DATA BELOW:
= = =
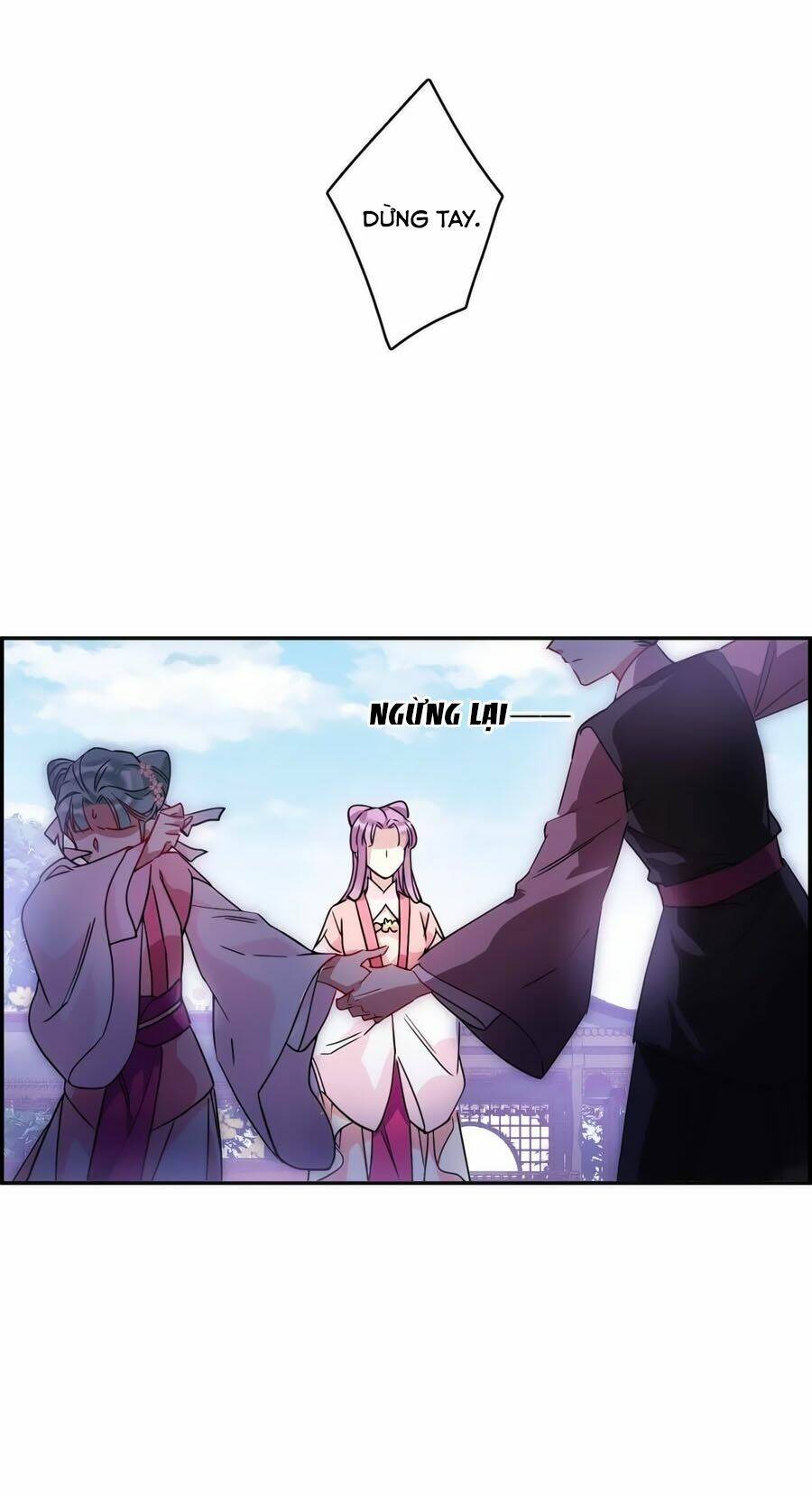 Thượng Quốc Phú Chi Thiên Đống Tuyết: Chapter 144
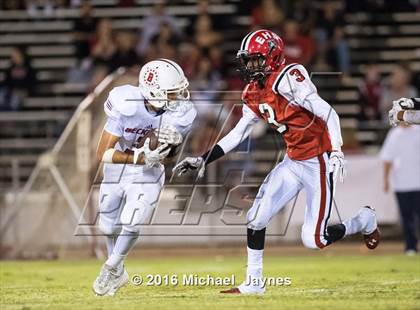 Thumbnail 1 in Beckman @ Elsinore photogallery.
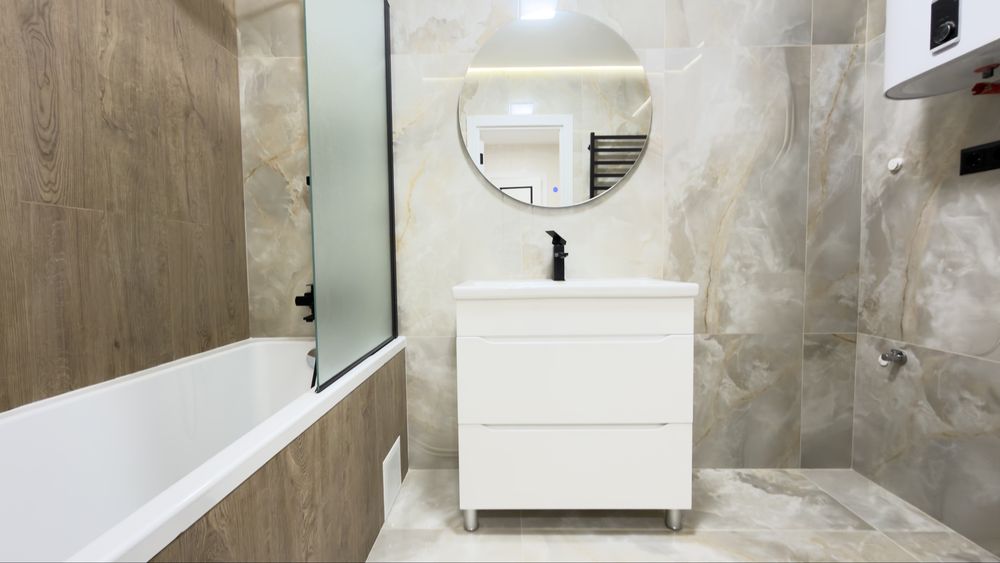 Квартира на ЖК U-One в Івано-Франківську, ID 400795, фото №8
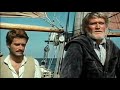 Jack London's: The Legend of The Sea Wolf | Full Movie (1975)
= = =
WORK ORDER: Pictures are to be omitted. Print exactly the lines from the line containing "Thumbnail 1 in" through the final line of the material above, both included.

ANSWER SECTION:
 Thumbnail 1 in Beckman @ Elsinore photogallery.
 Квартира на ЖК U-One в Івано-Франківську, ID 400795, фото №8
 Jack London's: The Legend of The Sea Wolf | Full Movie (1975)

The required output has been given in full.